BAUX COMMERCIAUX
1) Qu’est-ce qu’un bail commercial ?
Un bail commercial est un bail soumis aux dispositions des articles L.145-1 et suivants du code de commerce que l’on appelle « le statuts des baux commerciaux ».
Le statut des baux commerciaux assure au locataire commercial une pérennité d’exploitation de son fonds de commerce grâce à la protection de son bail commercial dont il bénéficie, comme la durée du bail, le droit au renouvellement du bail, une augmentation du loyer très encadrée, la possibilité de modifier la destination des lieux, le droit à une indemnité d’éviction en cas de refus de renouvellement sans motif légitime, etc.
L’ensemble de ces avantages est appelé «propriété commerciale ».
Cette propriété commerciale se manifeste par le droit au renouvellement du bail, ou après un refus de renouvellement du bail, par le versement d’une indemnité d’éviction à la charge du bailleur correspondant à la valeur du fonds de commerce augmentée principalement des frais de transfert du fonds ainsi que d’une indemnité pour trouble commercial.
2) Quels sont les différents types de baux commerciaux ?
* La durée d’un bail commercial relevant du statut des baux commerciaux ne peut être inférieure à 9 années.[1]
Toutefois, le locataire commercial peut donner congé à chaque période triennale sans être tenu de donner les motifs pour lesquels il donne congé. [2]
De son côté, le bailleur ne pourra donner congé à la fin d’une période triennale que pour effectuer certains travaux. [3]
* Le bail de courte durée ou bail dérogatoire, (parfois dénommé « bail précaire » de façon regrettable car entrainant une confusions avec la convention d’occupation précaire visée ci-dessous), d’une durée maximale de trois ans est également prévu par le code de commerce. [4]
Il faut distinguer le bail de courte durée de la location saisonnière qui est soumise aux règles générales du code civil, et de la convention d’occupation précaire qui se caractérise, quelle que soit sa durée, par le fait que l’occupation des lieux n’est autorisée qu’à raison de circonstances particulières indépendantes de la seule volonté des parties. [5]

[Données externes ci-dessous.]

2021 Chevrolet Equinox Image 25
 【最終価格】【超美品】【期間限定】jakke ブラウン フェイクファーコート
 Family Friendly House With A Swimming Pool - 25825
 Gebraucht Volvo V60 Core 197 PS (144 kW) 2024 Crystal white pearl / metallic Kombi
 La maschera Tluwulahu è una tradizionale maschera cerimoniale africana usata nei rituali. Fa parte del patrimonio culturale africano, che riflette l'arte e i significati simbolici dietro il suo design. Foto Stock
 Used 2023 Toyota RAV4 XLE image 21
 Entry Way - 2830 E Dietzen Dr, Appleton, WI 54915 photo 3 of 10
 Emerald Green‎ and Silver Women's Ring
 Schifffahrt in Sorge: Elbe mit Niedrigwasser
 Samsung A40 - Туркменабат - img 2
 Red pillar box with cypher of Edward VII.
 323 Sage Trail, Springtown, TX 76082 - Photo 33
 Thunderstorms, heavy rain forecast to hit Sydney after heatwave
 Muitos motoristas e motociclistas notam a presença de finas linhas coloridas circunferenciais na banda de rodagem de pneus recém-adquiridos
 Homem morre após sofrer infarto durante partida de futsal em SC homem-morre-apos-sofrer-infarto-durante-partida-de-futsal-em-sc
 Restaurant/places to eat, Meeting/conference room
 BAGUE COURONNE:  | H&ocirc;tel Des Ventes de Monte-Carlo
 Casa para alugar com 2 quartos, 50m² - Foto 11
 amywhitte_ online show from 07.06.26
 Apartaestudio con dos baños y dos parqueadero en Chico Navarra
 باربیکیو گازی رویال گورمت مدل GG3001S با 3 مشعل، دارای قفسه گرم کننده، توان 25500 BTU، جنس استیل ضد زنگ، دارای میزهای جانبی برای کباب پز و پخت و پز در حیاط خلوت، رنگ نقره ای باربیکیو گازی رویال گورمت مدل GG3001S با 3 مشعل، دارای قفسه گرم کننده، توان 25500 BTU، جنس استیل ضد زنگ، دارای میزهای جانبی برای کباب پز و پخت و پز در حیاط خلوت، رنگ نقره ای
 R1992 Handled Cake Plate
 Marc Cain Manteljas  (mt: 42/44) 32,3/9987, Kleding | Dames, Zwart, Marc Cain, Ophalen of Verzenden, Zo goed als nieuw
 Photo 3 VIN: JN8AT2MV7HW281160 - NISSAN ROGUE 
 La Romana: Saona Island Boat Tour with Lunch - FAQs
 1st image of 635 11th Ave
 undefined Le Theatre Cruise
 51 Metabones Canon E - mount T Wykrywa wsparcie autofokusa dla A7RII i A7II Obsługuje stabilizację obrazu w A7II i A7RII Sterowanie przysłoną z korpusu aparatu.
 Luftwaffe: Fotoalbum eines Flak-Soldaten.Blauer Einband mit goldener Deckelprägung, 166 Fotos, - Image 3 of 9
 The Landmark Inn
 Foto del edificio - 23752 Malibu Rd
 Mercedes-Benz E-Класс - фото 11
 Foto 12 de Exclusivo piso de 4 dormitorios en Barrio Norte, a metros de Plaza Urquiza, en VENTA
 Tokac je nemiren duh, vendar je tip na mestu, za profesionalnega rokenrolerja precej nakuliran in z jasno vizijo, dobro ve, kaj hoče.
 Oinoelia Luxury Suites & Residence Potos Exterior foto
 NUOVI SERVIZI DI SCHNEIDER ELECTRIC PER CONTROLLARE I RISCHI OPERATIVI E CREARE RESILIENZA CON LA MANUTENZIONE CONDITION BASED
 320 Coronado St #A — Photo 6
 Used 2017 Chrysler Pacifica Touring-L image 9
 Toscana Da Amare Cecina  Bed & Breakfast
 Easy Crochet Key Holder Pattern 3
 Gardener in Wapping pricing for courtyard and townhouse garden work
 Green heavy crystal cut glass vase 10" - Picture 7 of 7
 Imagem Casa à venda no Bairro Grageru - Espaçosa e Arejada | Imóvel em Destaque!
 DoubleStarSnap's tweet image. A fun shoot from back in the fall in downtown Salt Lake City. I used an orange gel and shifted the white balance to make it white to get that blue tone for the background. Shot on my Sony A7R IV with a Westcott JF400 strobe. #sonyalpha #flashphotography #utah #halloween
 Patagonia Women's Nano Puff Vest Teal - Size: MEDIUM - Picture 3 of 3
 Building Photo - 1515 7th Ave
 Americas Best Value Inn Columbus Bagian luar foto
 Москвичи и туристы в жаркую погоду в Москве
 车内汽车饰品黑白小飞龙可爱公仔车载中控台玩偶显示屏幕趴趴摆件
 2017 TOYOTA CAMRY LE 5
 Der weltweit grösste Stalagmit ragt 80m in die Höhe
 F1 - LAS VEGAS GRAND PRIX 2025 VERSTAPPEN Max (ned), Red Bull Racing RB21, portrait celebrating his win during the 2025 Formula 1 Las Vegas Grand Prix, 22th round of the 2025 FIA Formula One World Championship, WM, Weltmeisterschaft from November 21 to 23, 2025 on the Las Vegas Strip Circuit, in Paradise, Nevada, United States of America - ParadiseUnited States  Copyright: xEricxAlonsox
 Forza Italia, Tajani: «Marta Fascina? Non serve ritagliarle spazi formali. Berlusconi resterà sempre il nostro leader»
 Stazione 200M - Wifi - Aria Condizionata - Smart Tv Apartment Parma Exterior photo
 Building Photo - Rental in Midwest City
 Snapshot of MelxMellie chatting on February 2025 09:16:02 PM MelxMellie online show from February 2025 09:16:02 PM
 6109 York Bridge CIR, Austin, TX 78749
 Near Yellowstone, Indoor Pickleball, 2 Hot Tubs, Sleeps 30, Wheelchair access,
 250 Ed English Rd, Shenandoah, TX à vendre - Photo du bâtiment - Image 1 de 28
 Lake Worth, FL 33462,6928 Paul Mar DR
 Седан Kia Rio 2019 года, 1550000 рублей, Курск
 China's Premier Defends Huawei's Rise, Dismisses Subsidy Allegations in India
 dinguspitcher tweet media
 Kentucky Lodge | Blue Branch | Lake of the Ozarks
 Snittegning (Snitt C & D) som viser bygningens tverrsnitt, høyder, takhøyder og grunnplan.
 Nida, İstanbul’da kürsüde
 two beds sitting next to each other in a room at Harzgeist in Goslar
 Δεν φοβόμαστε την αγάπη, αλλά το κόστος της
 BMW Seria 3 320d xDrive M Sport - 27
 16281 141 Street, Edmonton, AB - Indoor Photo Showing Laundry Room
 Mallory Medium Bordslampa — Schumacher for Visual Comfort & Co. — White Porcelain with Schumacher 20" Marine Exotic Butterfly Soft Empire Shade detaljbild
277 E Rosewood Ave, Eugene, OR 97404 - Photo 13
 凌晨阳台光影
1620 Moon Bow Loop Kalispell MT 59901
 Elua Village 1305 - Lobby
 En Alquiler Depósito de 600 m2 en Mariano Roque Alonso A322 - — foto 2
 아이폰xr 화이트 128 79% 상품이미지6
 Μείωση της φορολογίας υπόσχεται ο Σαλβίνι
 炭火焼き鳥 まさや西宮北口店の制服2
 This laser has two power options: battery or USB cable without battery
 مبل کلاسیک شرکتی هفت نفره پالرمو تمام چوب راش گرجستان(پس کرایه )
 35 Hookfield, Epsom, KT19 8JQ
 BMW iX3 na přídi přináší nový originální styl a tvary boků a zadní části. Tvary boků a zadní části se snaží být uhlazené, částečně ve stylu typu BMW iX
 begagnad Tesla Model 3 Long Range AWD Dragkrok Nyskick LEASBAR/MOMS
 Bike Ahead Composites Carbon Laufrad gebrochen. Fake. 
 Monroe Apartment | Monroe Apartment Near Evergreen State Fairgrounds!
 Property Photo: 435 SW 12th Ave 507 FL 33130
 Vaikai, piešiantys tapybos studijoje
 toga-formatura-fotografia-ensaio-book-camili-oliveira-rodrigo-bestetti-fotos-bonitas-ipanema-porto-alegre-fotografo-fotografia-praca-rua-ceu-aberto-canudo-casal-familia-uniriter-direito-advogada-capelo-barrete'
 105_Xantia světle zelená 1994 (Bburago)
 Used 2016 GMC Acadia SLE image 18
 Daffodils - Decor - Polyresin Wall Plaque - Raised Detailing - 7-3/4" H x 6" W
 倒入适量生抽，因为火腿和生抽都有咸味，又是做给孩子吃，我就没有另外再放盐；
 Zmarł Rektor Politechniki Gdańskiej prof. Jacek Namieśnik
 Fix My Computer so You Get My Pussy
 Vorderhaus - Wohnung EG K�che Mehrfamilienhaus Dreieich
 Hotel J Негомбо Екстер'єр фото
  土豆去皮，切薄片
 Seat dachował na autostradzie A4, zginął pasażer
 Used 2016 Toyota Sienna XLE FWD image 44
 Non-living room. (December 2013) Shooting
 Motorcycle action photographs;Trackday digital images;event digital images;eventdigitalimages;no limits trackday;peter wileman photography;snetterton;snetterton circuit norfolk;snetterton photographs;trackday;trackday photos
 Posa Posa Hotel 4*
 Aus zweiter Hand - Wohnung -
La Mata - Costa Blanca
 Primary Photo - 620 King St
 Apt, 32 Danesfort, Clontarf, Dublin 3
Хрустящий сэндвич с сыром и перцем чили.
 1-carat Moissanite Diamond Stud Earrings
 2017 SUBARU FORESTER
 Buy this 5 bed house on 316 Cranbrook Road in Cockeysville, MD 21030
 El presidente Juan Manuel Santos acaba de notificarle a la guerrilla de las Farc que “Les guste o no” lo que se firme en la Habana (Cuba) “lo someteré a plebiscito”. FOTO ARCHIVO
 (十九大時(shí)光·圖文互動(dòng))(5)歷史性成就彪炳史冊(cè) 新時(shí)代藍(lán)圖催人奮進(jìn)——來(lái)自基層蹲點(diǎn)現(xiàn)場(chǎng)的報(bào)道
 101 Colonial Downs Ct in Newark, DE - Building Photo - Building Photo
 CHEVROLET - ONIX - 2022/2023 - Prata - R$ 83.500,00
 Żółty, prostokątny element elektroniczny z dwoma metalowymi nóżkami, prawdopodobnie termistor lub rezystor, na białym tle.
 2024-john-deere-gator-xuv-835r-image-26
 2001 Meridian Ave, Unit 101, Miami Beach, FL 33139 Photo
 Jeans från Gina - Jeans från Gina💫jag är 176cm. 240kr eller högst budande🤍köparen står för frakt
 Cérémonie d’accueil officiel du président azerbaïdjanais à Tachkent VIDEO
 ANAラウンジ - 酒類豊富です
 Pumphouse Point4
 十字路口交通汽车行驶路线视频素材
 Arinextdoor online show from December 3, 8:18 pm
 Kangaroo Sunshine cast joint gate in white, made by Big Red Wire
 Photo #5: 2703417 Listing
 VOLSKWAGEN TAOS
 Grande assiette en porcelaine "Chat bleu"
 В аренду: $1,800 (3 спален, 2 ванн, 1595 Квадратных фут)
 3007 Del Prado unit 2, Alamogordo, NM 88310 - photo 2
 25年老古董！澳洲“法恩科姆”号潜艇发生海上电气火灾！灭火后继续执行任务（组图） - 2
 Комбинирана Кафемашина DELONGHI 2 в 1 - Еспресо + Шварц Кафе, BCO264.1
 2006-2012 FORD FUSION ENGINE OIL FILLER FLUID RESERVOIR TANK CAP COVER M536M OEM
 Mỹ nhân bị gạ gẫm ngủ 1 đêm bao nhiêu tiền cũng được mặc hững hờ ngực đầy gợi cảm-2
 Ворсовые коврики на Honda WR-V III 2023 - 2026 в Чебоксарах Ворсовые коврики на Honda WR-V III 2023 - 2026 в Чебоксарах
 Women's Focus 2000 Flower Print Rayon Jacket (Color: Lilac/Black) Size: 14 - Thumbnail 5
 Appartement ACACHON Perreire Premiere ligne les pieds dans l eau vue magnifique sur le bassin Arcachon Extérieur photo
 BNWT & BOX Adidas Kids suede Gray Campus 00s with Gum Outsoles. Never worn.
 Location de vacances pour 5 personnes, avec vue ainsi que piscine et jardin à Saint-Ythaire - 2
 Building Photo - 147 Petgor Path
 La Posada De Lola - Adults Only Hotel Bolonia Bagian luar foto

3) Quel est le bon indice pour calculer la révision du loyer d’un bail commercial ?
L’indice trimestriel des loyers commerciaux, (ILC), s’applique aux baux depuis le 7 novembre 2008 date d’entrée en vigueur du décret du 4 novembre 2008.
L’ILC concerne les loyers des locaux dans lesquels sont exploitées des activités commerciales et artisanales.
Cet indice s’applique aux baux en cours si les parties l’ont choisi et signé un avenant en ce sens.
L’ILC ne doit pas être confondu avec l’indice trimestriel des loyers des activités tertiaires, (ILAT), qui concerne les activités autres que les activités commerciales et artisanales.
L’indice national du coût de la construction, (ICC), n’est donc plus applicable aux baux commerciaux, sauf en cas de baux commerciaux avec une clause d’échelle mobile.
4) Que se passe-t-il à la fin du bail commercial ?
Différentes situations peuvent se présenter à la fin du bail commercial.
4.1 – Le bailleur notifie au preneur commercial un congé avec offre de renouvellement du bail commercial à un loyer déterminé, généralement supérieur à l’ancien loyer, qui débouchera sur une négociation entre les parties et un accord amiable ou une procédure en fixation du nouveau loyer.
4.2 – Le bailleur notifie au preneur commercial un congé sans offre de renouvellement du bail commercial mais avec offre de versement d’une indemnité d’éviction [6]dont le montant sera calculé amiablement ou à l’issue d’une procédure.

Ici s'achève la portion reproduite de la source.